- [How to complete this task]: Full transcription, minus images: write out the listing below exactly as it appears.
---*---
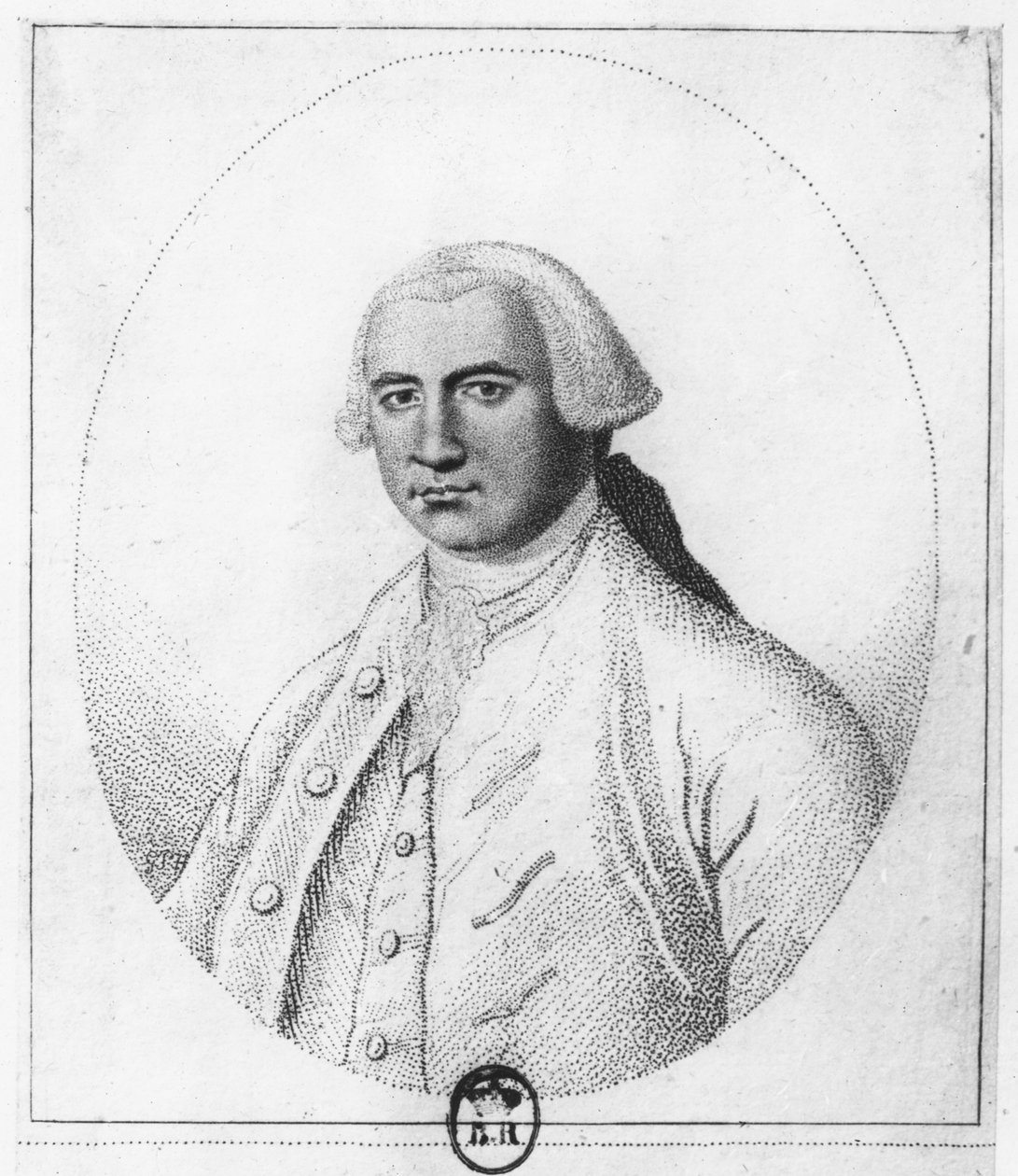 Robert Lord Clive, Plassey Baronu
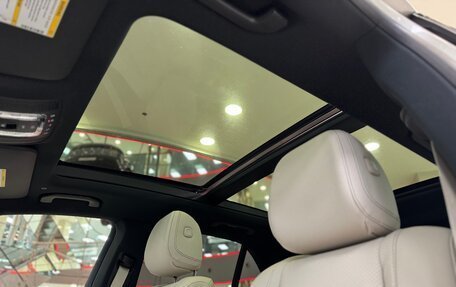 Mercedes-Benz GLE, 2021 год, 7 900 000 рублей, 6 фотография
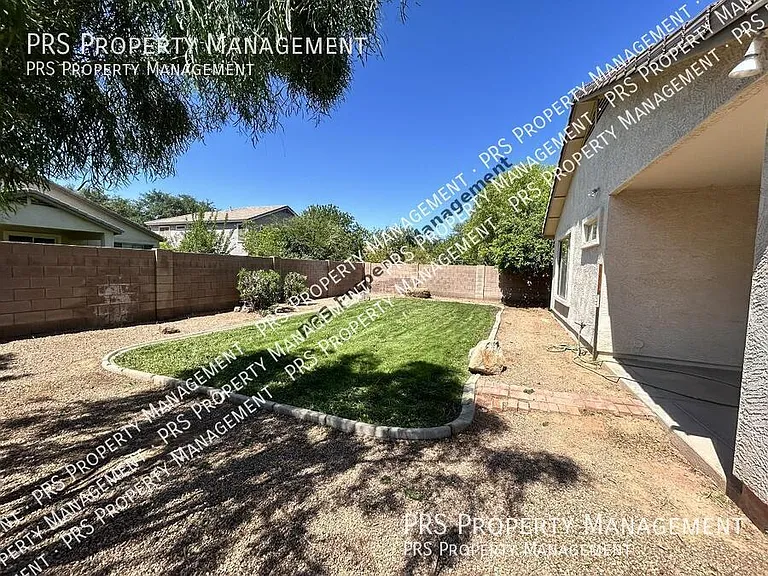 3317 E Park Ave — Photo 35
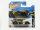 Hot Wheels Batman: Arkham Asylum Batmobile - Batman 2/5 - 54/250 -  Hot Wheels - 1:64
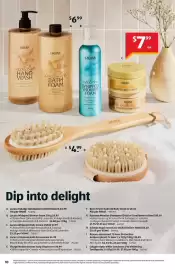 ALDI catalogue week 41 Page 10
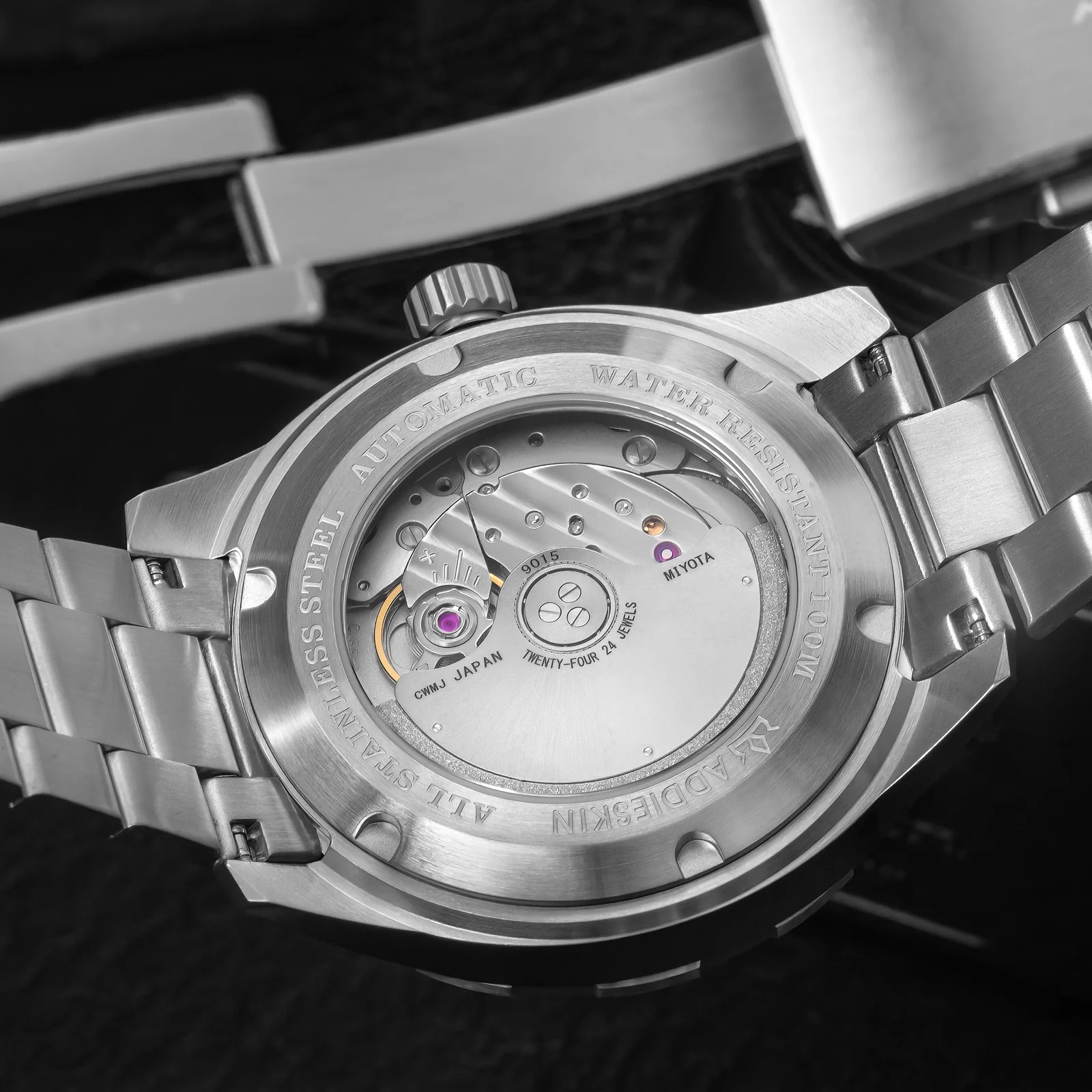 Product image 28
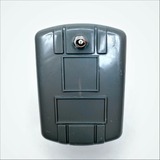 Реле давления для насосов WP9712VS.v2.1-A30 Sturm (ZAP6934152691)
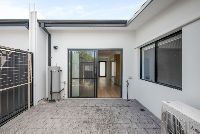 web 4 69 Cooper St, Mandurah 35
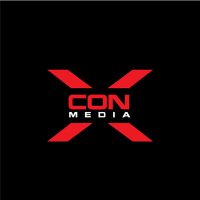 Xcon Media(@XconMedia) 's Twitter Profile Photo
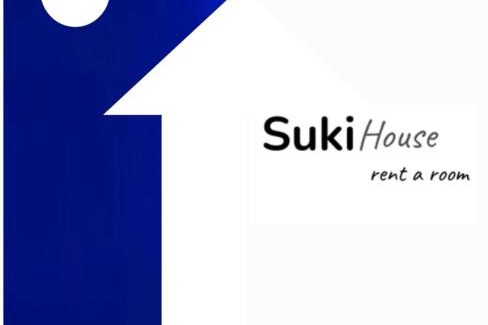 Pozuelo de Alarcon House | SUKI HOUSE Chalet 1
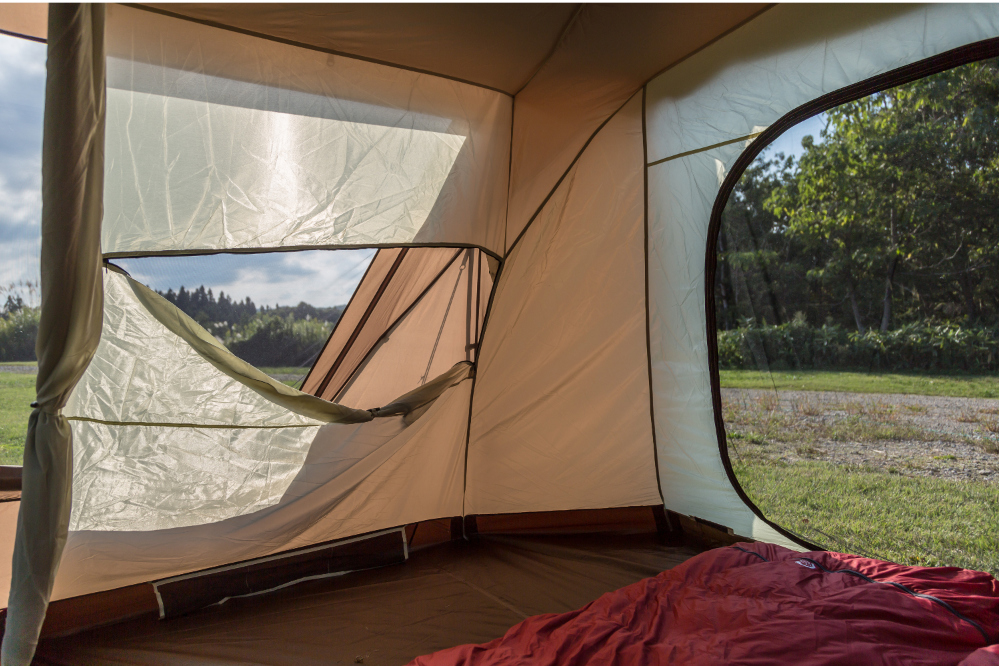 재킷 상품상세 이미지-S11L20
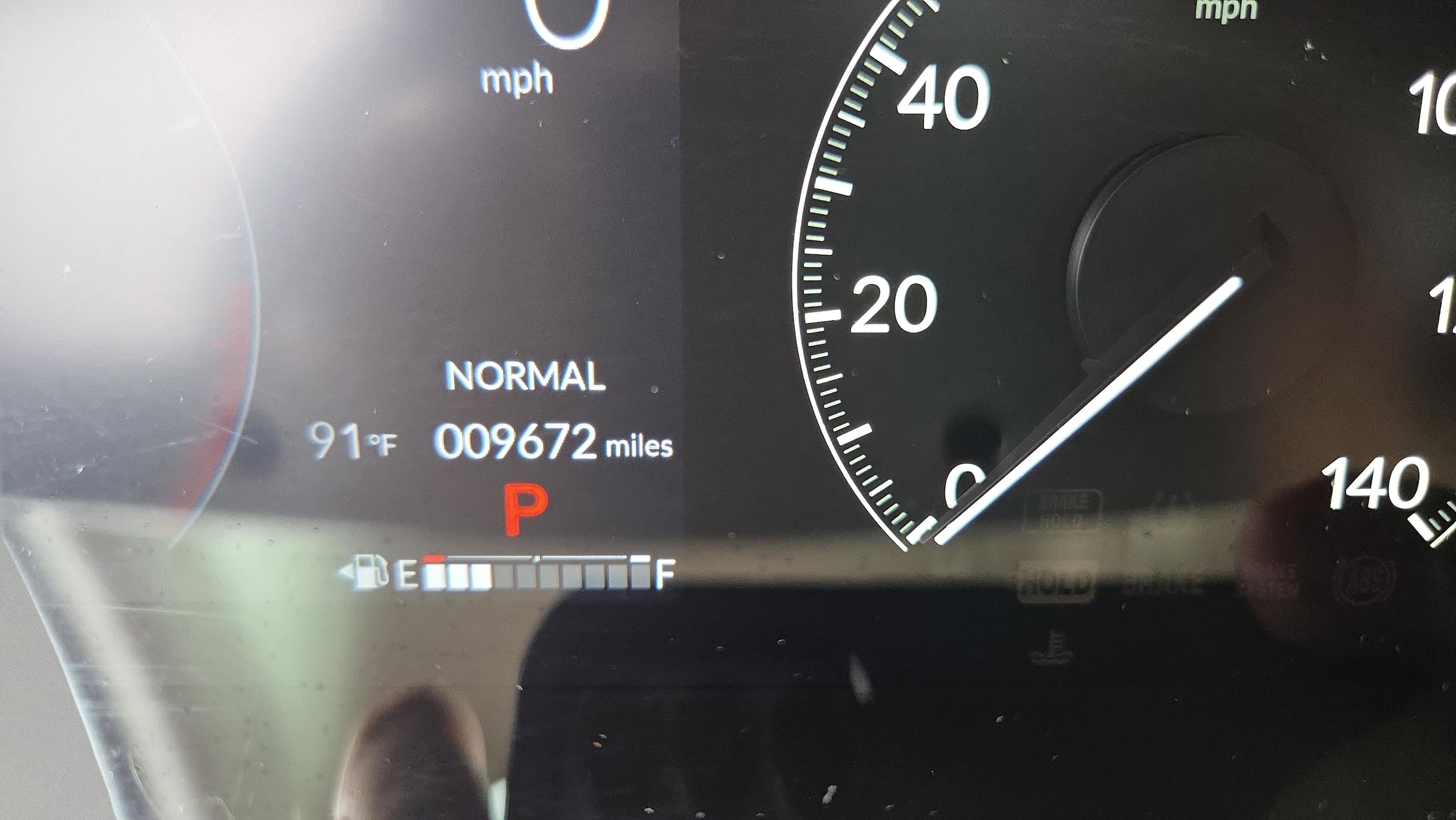 2024 Honda HR-V EX-L - Photo 25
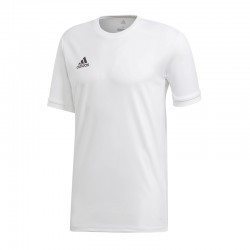 Koszulka Adidas Team 19 Jersey DW6896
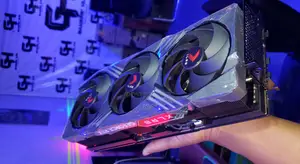 New Nvidia Geforce RTX 4090 24gb Gddr6x Xlr8 Pny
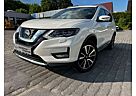 Nissan X-Trail Tekna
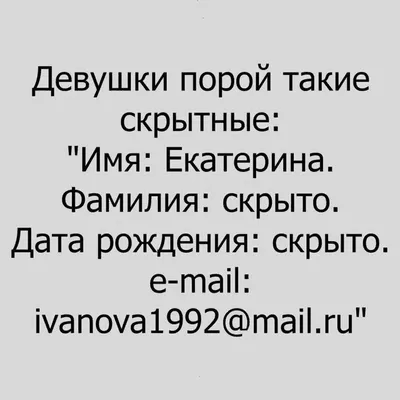 Винегрет\" № 7. Интересные,смешные и прикольные фото! Смотрите! Улыбайтесь!  Комментируйте! | ОБО ВСЕМ ПОНЕМНОГУ | Дзен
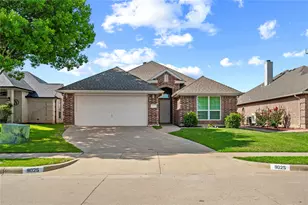 9025 Riverfalls Dr, Fort Worth, TX 76118 - Photo 6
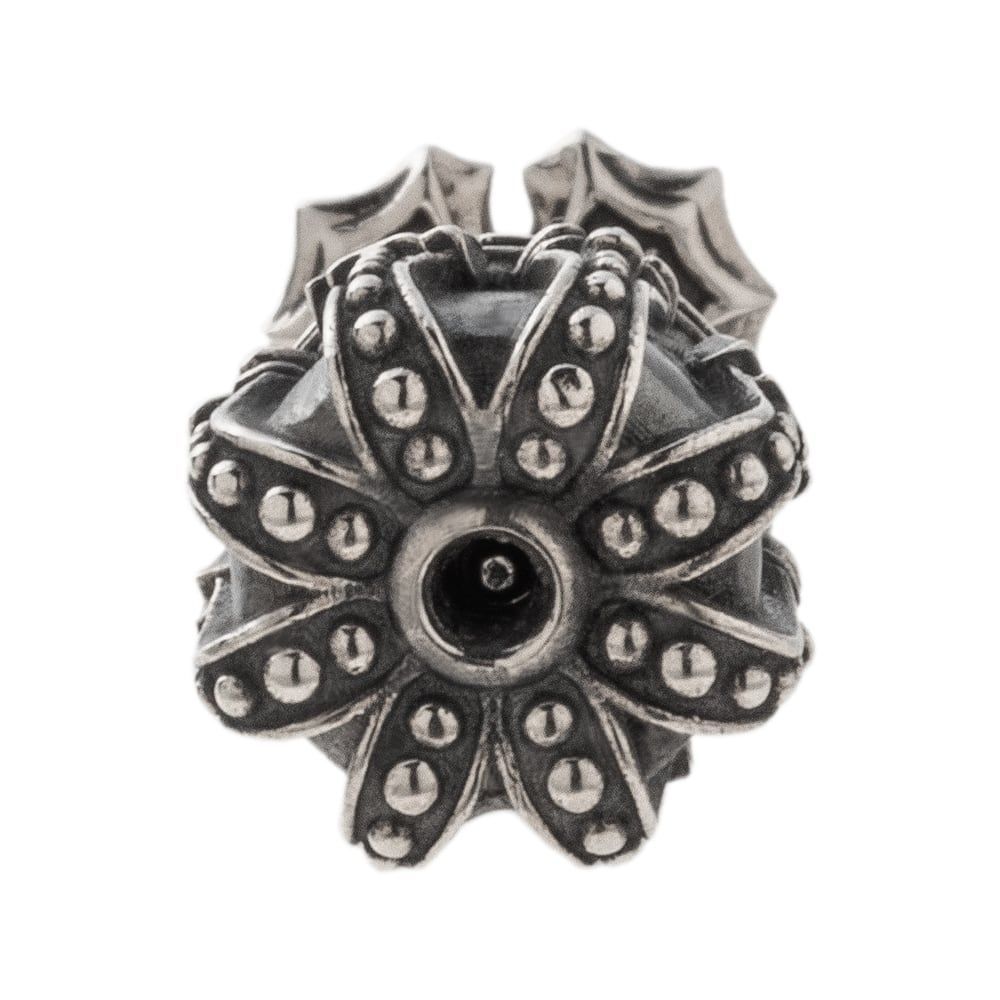 シルバー ジュエリーブランド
---*---
- [Task output]:
 Robert Lord Clive, Plassey Baronu
 Mercedes-Benz GLE, 2021 год, 7 900 000 рублей, 6 фотография
 3317 E Park Ave — Photo 35
 Hot Wheels Batman: Arkham Asylum Batmobile - Batman 2/5 - 54/250 -  Hot Wheels - 1:64
 ALDI catalogue week 41 Page 10
 Product image 28
 Реле давления для насосов WP9712VS.v2.1-A30 Sturm (ZAP6934152691)
 web 4 69 Cooper St, Mandurah 35
 Xcon Media(@XconMedia) 's Twitter Profile Photo
 Pozuelo de Alarcon House | SUKI HOUSE Chalet 1
 재킷 상품상세 이미지-S11L20
 2024 Honda HR-V EX-L - Photo 25
 Koszulka Adidas Team 19 Jersey DW6896
 New Nvidia Geforce RTX 4090 24gb Gddr6x Xlr8 Pny
 Nissan X-Trail Tekna
 Винегрет\" № 7. Интересные,смешные и прикольные фото! Смотрите! Улыбайтесь!  Комментируйте! | ОБО ВСЕМ ПОНЕМНОГУ | Дзен
 9025 Riverfalls Dr, Fort Worth, TX 76118 - Photo 6
 シルバー ジュエリーブランド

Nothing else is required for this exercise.